Reality is a tiny thing

This weird thought I’ve just had in the bath, rather than on the toilet for a change, which in fact was quite frustrating because I had to wait to get out of the bath to get it out (the weird thought, that is).

Bear with me, I’ve been reading a lot of Deleuze lately and I’m now reading Waiting for Godot (in fact I was reading this in the bath just now so I think it is this text which informed today’s weird thought).

My current book

My current book

There are many, many (beyond counting) moments which make up ‘reality’. These moments, or pulses, are the things we ‘do’ or ‘experience’ in our conscious lives: getting out of bed; eating some toast; ice-skating in the sunshine; squeezing out a botty burp that is giving us stomach ache; eating a hot, ketchup covered wurst at the German market in Birmingham; watching EastEnders; reading in the bath; being amused or touched by a comment of a friend; washing a cup; feeding a cat; or being moved by an act of kindness from a stranger. These moments make up reality. The moments each last just a tiny fraction of time. There are millions of these fractions of reality in a lifetime.

So, are you still with me? We don’t remember all of these moments, but we remember a few of them. The ones we remember are those realities that give us a sensation. It doesn’t matter what this sensation is, what matters is the intensity. Some moments of reality don’t give us much of a sensation: making a cup of tea, talking on the phone to PlusNet, sitting on an Arriva Train Wales with a laptop or wrapping yet another Christmas present. However, a few moments do give us a powerful sensation. During a lifetime there are probably quite a lot of these powerful sensation-inducing moments: an unexpected kiss, a resonating comment, a moment of pure and painful laughter or a smile on a train. Those moments of sensation, from moments of reality, turn into memories.

Is sitting on one of these going to Welshpool memorable?

Is sitting on one of these going to Welshpool memorable?

The memories of those sensations coming from points of reality can be incredibly strong. If I shut my eyes, and remember, really remember, I can feel those moments in my head, moments which may be from many years ago and which lasted only seconds. In my head I can make them last much longer and repeatedly. The feeling can be quite strong and intense. Yet, the reality of those moments was just a fraction of time when they actually happened. In my head, they have happened many times again.

And when I’m no longer of this world, those memories of those sensations of those realities will simply no longer exist. To me they are huge. They can’t be, though. They only feel huge. I can’t give the memory of those moments to anyone else. I just have to accept that they will disappear with me.
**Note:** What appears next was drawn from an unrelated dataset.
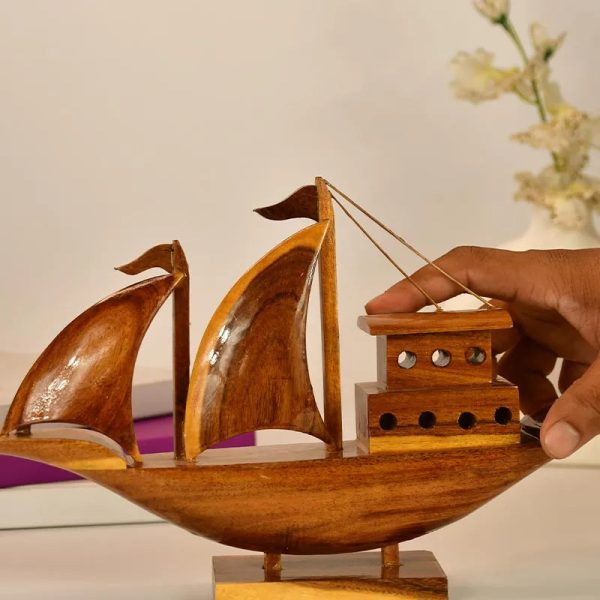 The Boat of Hope Wooden Showpiece Online Sale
Even Deleuze likes to wear a cat now and then

Even Deleuze likes to wear a cat now and then

Thanks, Deleuze and Beckett, for that cheery thought!

 

What art and Facebook have in common

This is the weird thought I had at 2.05am when my youngest child woke me up with earache and the need to tell me that he didn’t enjoy the film he had seen at school that day (something to do with wolves and snow from what I could gather).

The little angel that woke me up last night

The little angel that woke me up last night

When I returned to bed, after dishing out the usual cuddles and Calpol, my mind wasn’t ready to settle back down to sleep so it started to think about the big questions of existence: life, Facebook, friendships and time.

That addictive social media beast

That addictive social media beast

I’ve had weird thoughts about Facebook before, and this is related to those. This thought is about how Facebook has achieved something truly great. For all the  criticism it gets for time suckage (yes, it is good at that) and inane babble (yes, it is very good at that too), I believe that it has had one revolutionary consequence. It has disrupted the natural flow of change and time in our lifetime. A natural flow that has existed since man first stepped out of his gorilla suit and discovered fire.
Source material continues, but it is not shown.